Irak’ta Amerika Birleşik Devletleri’nin işgali ile başlayan kargaşa ortamı hala devam ediyor. ABD işgaliyle birlikte halk, kendi toprakları içinde mülteci durumuna düşmüş ve bir nevi sürgün hayatı yaşıyor. Bu nedenle ülkede istikrar tamamen çökmüş, mezhep savaşlarıyla ortalık alevlendirilmiş, bölge güvenli olmaktan çıkmış durumda.
Bu nedenle bölgede akan kanın durdurulması için kamuoyunun dikkatini çekmek amacıyla İHH ile Irak İnsan Hakları Birliği tarafından Fatih Sultan Mehmet Vakıf Üniversitesi Haliç Yerleşkesi’nde bir sergi açıldı. Üniversitenin Haliç yerleşkesinde düzenlenen sergide, ABD işgalinden bu yana bir türlü istikrara kavuşamadığı belirtilen Irak'ta yaşanan insan hakları ihlalleri, güncel fotoğraflarla ortaya konuluyor.
Ülkede akan kanın durdurulmasına yönelik çağrının yer aldığı sergi, cuma gününe kadar devam edecek ve ardından da Üniversite’nin Topkapı yerleşkesinde devam edecek.
Her fotoğraf acı hikâyelerle dolu
Irak İnsan Hakları Birliği’nden Süheyb Ez-Zübeydi, yaşanan dramı sergideki bir fotoğrafı göstererek, “mesela bu fotoğrafta Ebu Gureyp Hapishanesi’nde bir mahkûmun işkenceye uğradığını görüyoruz.

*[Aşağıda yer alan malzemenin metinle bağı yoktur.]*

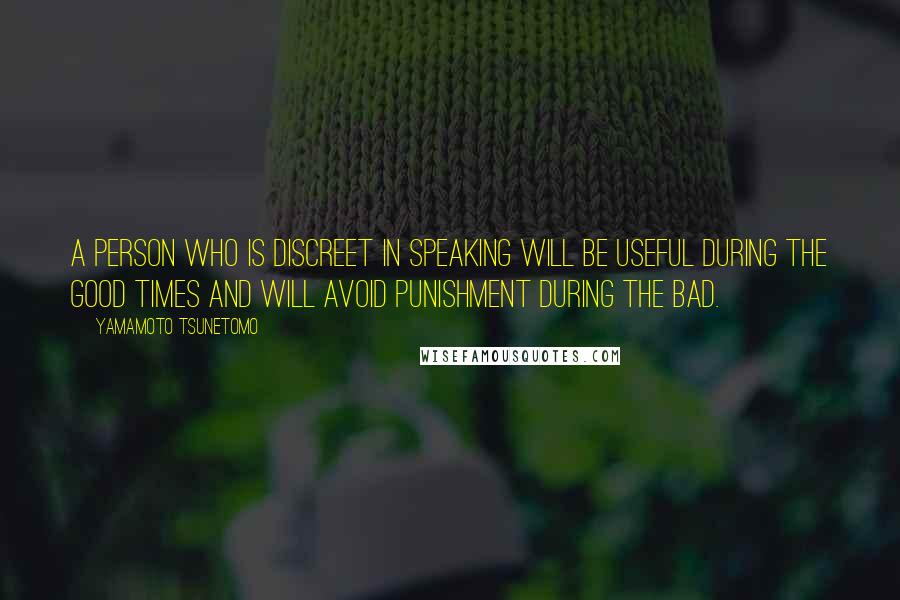 Yamamoto Tsunetomo Quotes: A person who is discreet in speaking will be useful during the good times and will avoid punishment during the bad.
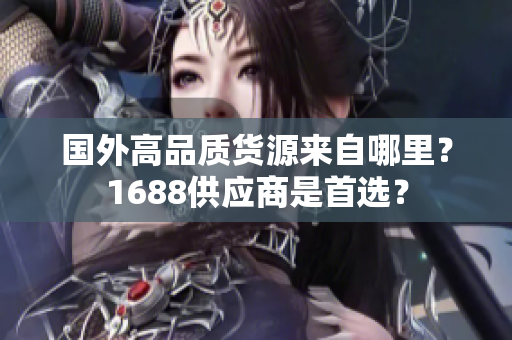 國外高品質(zhì)貨源來自哪里？1688供應(yīng)商是首選？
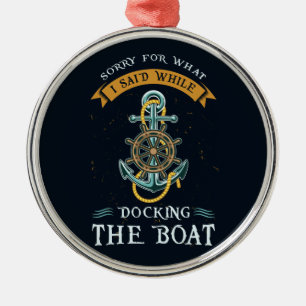 Ornement En Métal Désolé pour ce que j'ai dit en amarrant le bateau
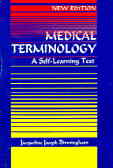 Medical Terminology: A Self - Learning Text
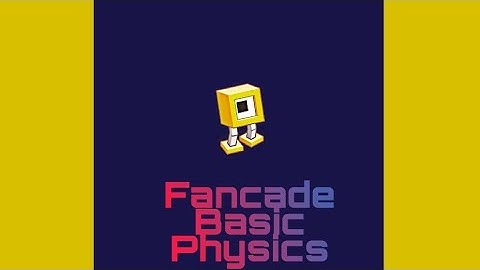 Fancade Physics Basics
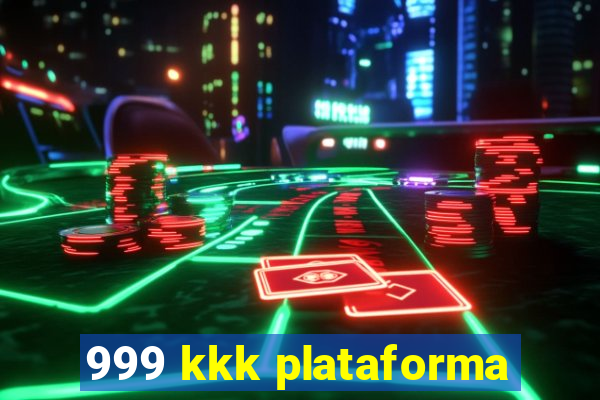 999 kkk plataforma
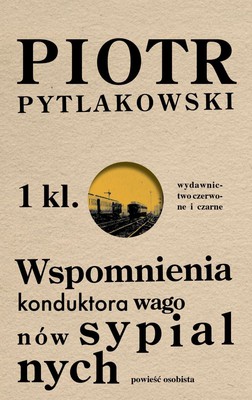 Piotr Pytlakowski - Wspomnienia konduktora wagonów sypialnych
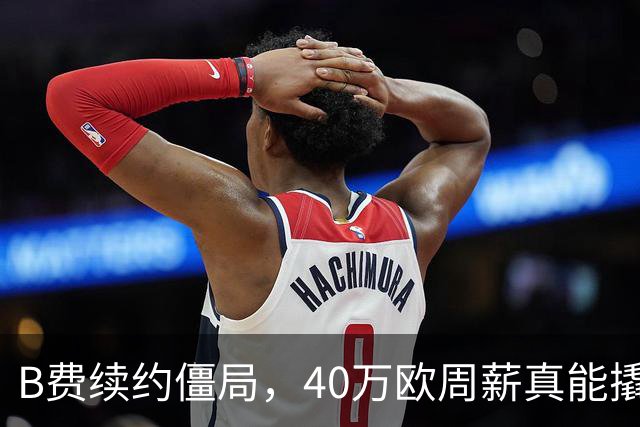 B费续约僵局，40万欧周薪真能撬走？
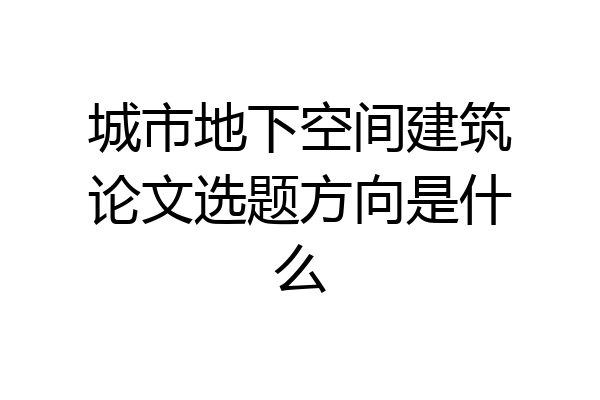 城市地下空间建筑论文选题方向是什么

Hâlbuki bu insanlar mahkûm da değiller, hiçbir suçu olmayan insanları bu şekilde hapishanelere doldurarak işkenceye tabi tutuyorlar” cümleleri ile özetledi. Ez-Zübeydi’nin açıklamalı şu şekilde:
“Irak’ta yaşanan hak ihlallerini sergilemek amacı ile bu çalışmayı yaptık. Uluslararası medya Irak’ta yaşanan ihlalleri görmezden geldiği için bu sergiyi artık okullara da yaydık. Her fotoğrafın ayrı ayrı acı dolu hikâyesi var. Sergimizde; hapishanelere atılan çocukları, aç kalan insanları, 2011’deki halk ayaklanmasında zulme uğrayanları ve mülteci durumuna düşüp göç edenlerin dramını yansıtmaya çalıştık.”

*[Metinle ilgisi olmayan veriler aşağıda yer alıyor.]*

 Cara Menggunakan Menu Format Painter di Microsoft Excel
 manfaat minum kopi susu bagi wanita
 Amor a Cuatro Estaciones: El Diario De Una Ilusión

Ez-Zübeydi, ayrıca sergiyi tüm Türkiye’de açacaklarını ve dünyaya açılarak çeşitli ülkelerde de izlenime sunacaklarını söyledi.
Irak sorunu
Haziran 2014 itibariyle DAEŞ’in eline geçen Musul ise işgal gününden bu güne kadar tam bir açık cezaevi görevi görmekte. İşgal ile birlikte 1.5 milyon kişi -yani nüfusun yarısı- Dohuk, Kerkük, Süleymaniye ve Erbil’e göç etti.

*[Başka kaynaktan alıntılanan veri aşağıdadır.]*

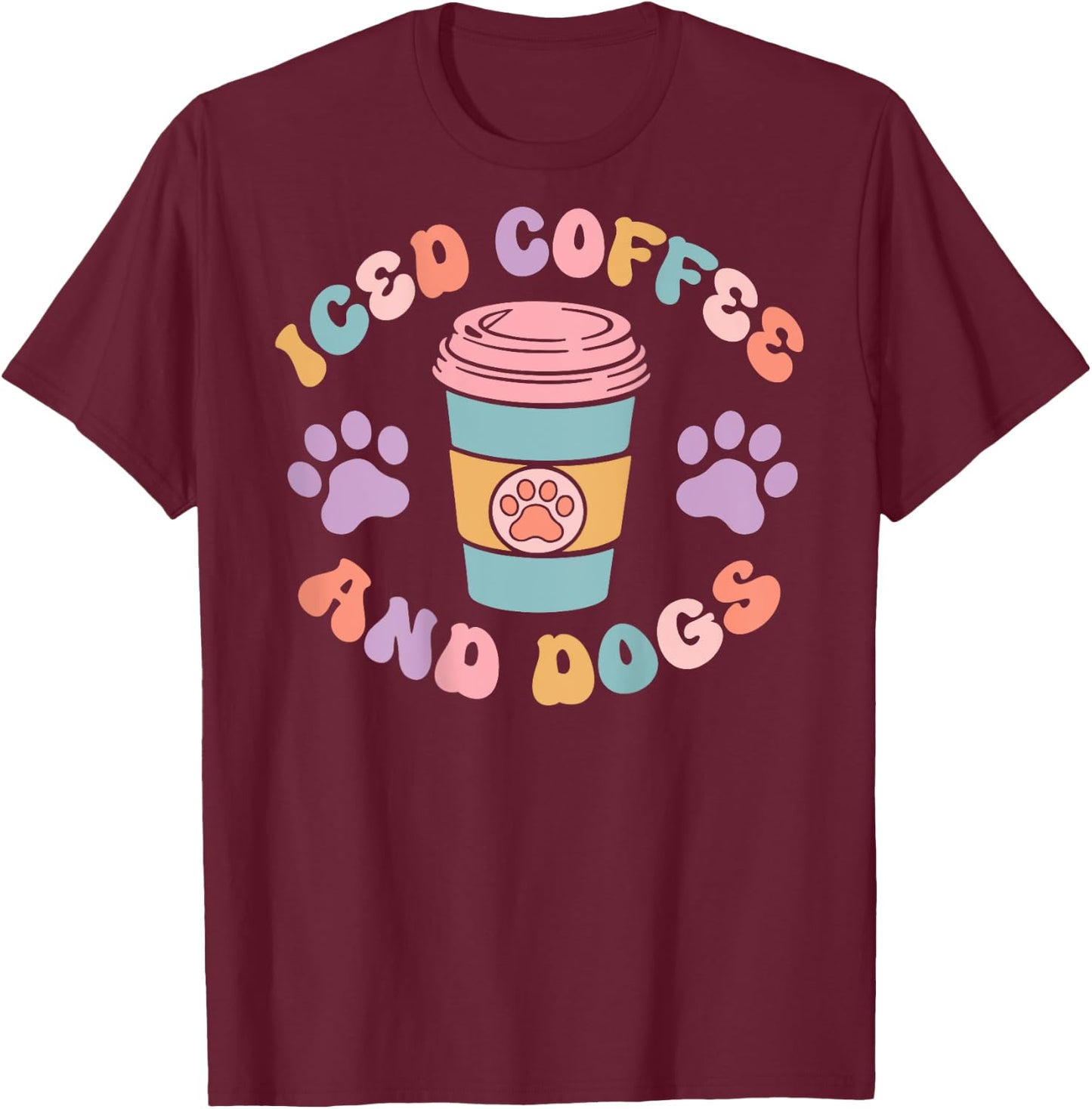 Iced Coffee And Dogs Caffeine Drinker Puppy (On Back) T-Shirt - T-Shirt | Maroon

DAEŞ’in kapıları tamamen kapamasıyla geri kalan yaklaşık 2 milyon kişi, içeride kalmış olup tamamen sefalet içerisinde yaşamak zorunda kaldı. İçeriye giriş ve çıkışlar engellendi, uluslararası hiçbir yardım ve yardım kuruluşu bölgeye giremedi.